Davalı . … A.Ş vekili ise 11/06/2018 tarihli istinaf dilekçesinde özetle; mahkemece 28/02/2018 tarih 2018/11 Esas -2018-119 karar sayılı kararında Lüleburgaz mahkemelerinin yetkili olduğuna karar vermişken 23/05/2018 tarih, 2018/509 Esasa ve 2018/38 Karar sayılı kararında ise Bakırköy mahkemelerinin yetkili olduğunu belirterek çelişkiye düştüğü, kaldı ki istinaf mahkemesinin ilanında da yetkiye ilişkin herhangi bir belirlemede bulunulmadığını gerek kira sözleşmesi ve sigorta poliçesine konu taşınmazın Lüleburgaz da bulunması, gerekse rizikonun Lüleburgaz da meydana gelmesi nedeni ile HMK 15. Madde uyarınca Lüleburgaz mahkemeleri yetkili olduğundan, ilk derece mahkemesi kararının kaldırılmasına, yetki itirazlarının kabulü ile dosyanın Lüleburgaz mahkemelerine gönderilmesine karar verilmesi talep edilmiştir.
Her ne kadar davacı vekilince olayın haksız fiilden kaynaklandığı, kira sözleşmesine ilişkin bir taleplerinin bulunmadığı bu nedenle görevsizlik kararının yerinde olmadığı ileri sürülmüşse de hem dairemizin 2018/934-835 sayılı kararında hem de ilk derece mahkemesinin istinaf edilen görevsizlik kararında ayrıntılı olarak açıklandığı üzere sigortalı ile davalı arasındaki uyuşmazlık, sigorta poliçesinden değil de, yukarıda açıklanan kira sözleşmeleri çerçevesinde,aralarındaki alt kira ilişkisinden kaynaklandığı, davacı sigortacının da, halefiyet ilkesince dava dışı sigortalısı yerine geçerek bu davayı açtığına göre, bu durumda davanın HMK 4.maddesi gereğince sulh hukuk mahkemesinde görülmesi gerektiği açık olmakla davacı vekilinin istinaf başvurusu yerinde görülmemiştir.

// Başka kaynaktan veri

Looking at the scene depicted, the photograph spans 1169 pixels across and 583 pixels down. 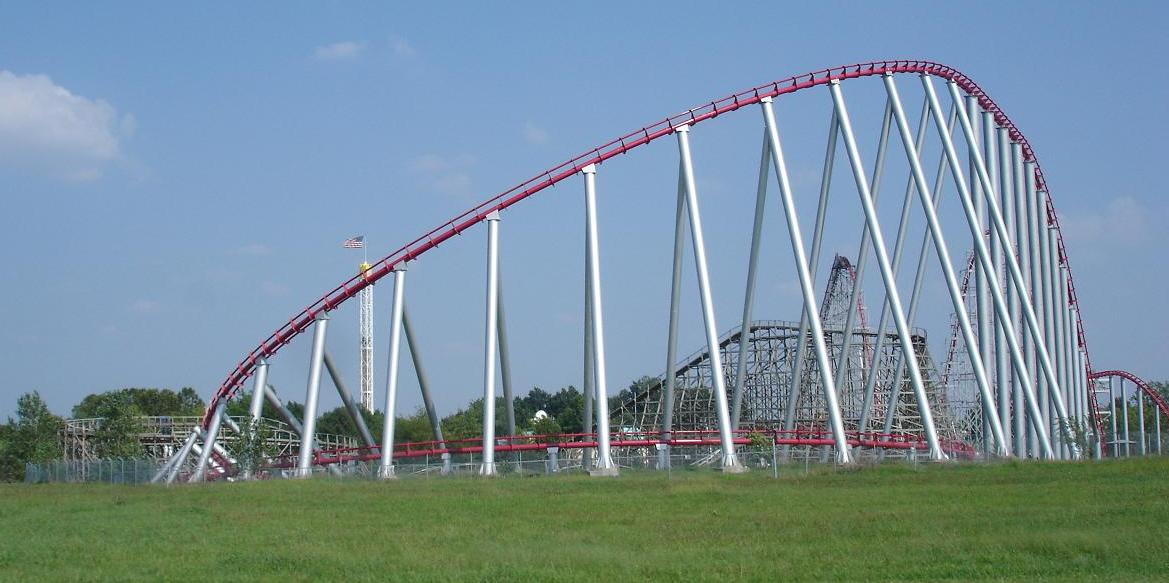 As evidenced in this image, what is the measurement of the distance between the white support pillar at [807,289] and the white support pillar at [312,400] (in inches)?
628

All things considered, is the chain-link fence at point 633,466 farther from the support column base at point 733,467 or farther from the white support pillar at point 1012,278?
the white support pillar at point 1012,278

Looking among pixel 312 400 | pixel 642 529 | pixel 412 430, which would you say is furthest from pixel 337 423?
pixel 642 529

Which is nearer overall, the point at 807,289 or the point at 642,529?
the point at 642,529

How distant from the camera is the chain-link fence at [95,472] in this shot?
4250 cm

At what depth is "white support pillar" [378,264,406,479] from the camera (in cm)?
3641

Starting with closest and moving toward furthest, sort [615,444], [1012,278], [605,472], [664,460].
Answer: [605,472] < [664,460] < [615,444] < [1012,278]

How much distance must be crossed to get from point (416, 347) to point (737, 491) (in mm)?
19457

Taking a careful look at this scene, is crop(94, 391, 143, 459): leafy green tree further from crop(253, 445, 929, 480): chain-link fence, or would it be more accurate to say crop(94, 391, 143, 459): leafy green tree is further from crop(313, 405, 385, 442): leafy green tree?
crop(313, 405, 385, 442): leafy green tree

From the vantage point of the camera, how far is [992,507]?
72.7 ft

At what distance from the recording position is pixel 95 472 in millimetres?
44812

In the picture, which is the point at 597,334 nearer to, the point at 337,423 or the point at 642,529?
the point at 642,529

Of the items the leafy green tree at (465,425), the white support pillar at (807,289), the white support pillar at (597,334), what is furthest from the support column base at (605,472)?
the leafy green tree at (465,425)

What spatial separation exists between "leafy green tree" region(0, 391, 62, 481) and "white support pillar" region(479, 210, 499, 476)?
29.8 meters

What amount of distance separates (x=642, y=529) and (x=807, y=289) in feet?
48.9
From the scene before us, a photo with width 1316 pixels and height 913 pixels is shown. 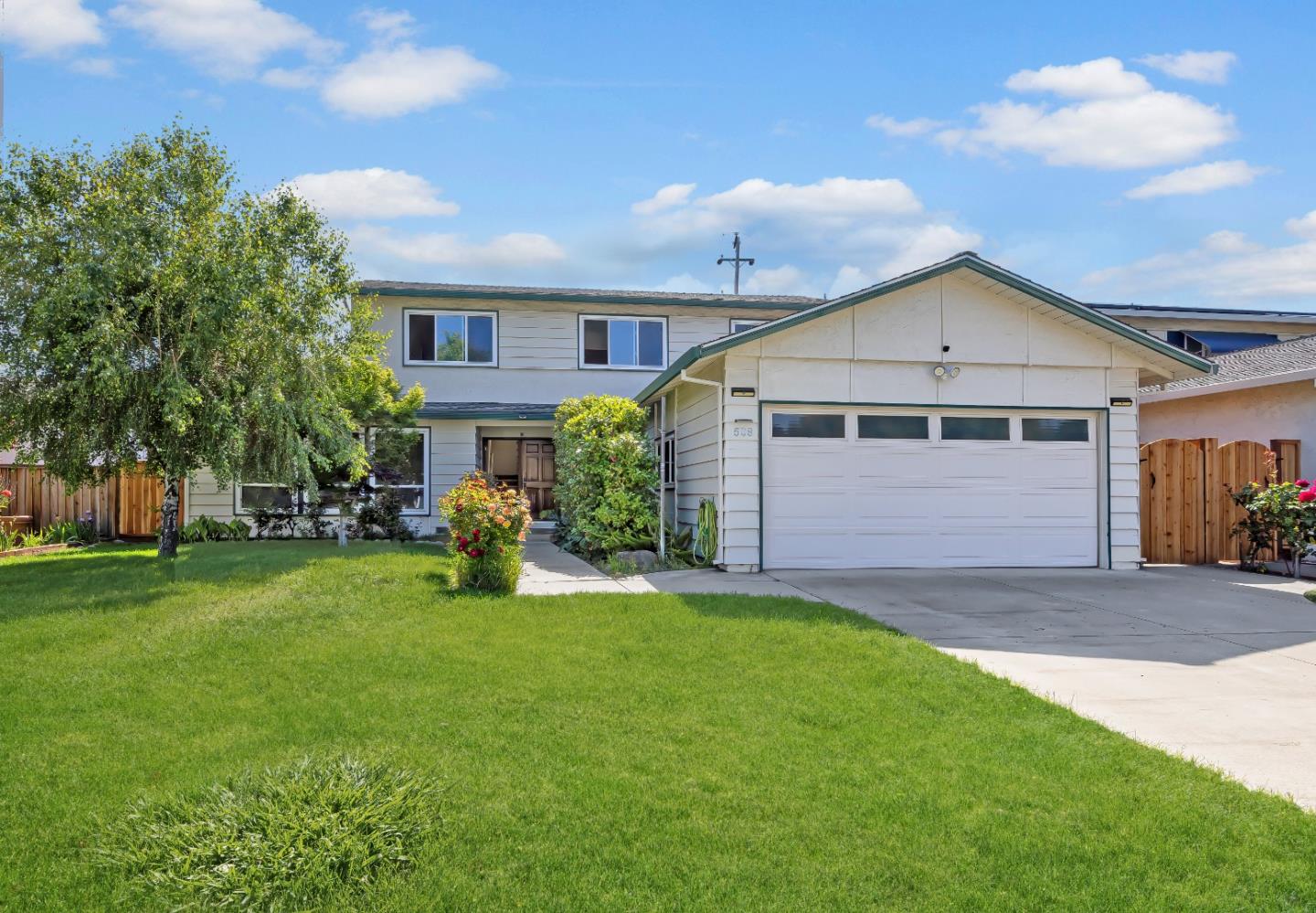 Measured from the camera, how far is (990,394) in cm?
1232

Davalı … vekilinin istinaf başvurusuna gelince; mahkemenin hem görevsiz hem de yetkisiz olması( ve davalının süresinde yetki ilk itirazında bulunması halinde), mahkeme görevsiz olduğu kanısına varırsa görevsizlik kararı vermekle yetinecektir. Aynı zamanda yetkisizlik kararı da ( yani hem görevsizliğine hem de yetkisizliğine karar veremeyecektir.) yani mahkemenin görevsiz olduğu kanısına varması halinde sadece görevsizliğine ve dava dosyanın görevli mahkemeye gönderilmesine karar verecektir, yetki itirazı ise ancak bu görevli mahkeme tarafından incelenip karara bağlanacaktır. ( Bknz. Bahri Koru İstinaf Sistemine Göre Yazılmış Medeni Usul Hukuk, Görev ve Yetki Bölümü, Sayfa 97 ile Sayfa 123)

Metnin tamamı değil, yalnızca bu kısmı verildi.